With a slogan like “Keep Portland Weird”, Portland very well may be one of the weirdest cities in the United States. Featuring the most breweries than any other city in the world, Portland has over 60 breweries within its city limits. Portland also hosts a fantastic beer festival, featuring breweries from all over the world each summer. Once you’re done exploring all the breweries Portland has to offer, you might find yourself at a strip club! This is because this fun weird city has more strip clubs per capita than any other city in the country. Be sure to stop by the smallest park in the world on your hangover day, Mill Ends Park. It is a tiny urban park located in the median strip of SW Naito Parkway and is a small circle 2 ft across, with a total area of 452 sq in.
Crater Lake is the deepest lake in the U.S. with a depth of 1,949 ft. Native Americans witnessed its formation 7,700 years ago when a violent eruption triggered the collapse of a tall peak. The elevation of the peaks surrounding the lake is so high that visitors can spot snow and cross country ski even in the dead of summer. The crystal-blue waters of Crater Lake are known worldwide.

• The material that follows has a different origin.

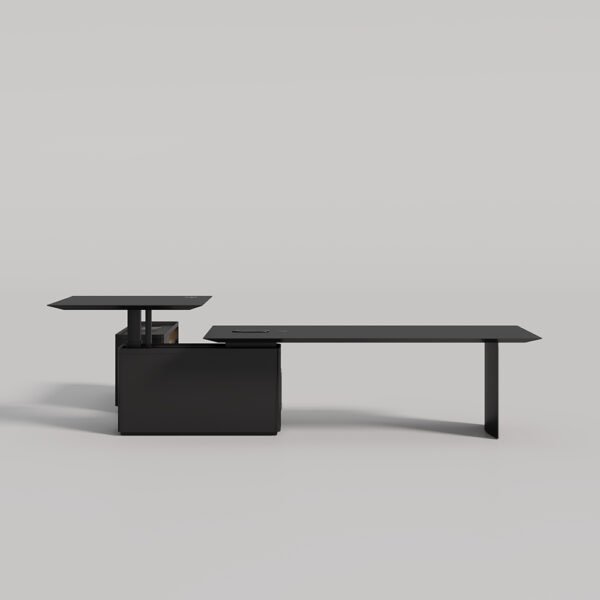 Height Adjustable Modern Wood Design MDF Executive L Shaped CEO Office Table Boss Executive Desk - 图片 4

With over 80 ghost towns listed on the national register, Oregon holds the nation’s top spot as the ghost town capital. One of the funniest ghost towns you may not know about is Idiotville. Idiotville is a ghost town and former community located in Tillamook County in Oregon. near the mouth of Idiot Creek on the Wilson River, on the route of Oregon Route 6. Idiotville’s elevation is 1200 feet. It is in the Tillamook State Forest, along the Tillamook-Washington county line, approximately 50 miles west-northwest of Portland. Nothing remains at the site.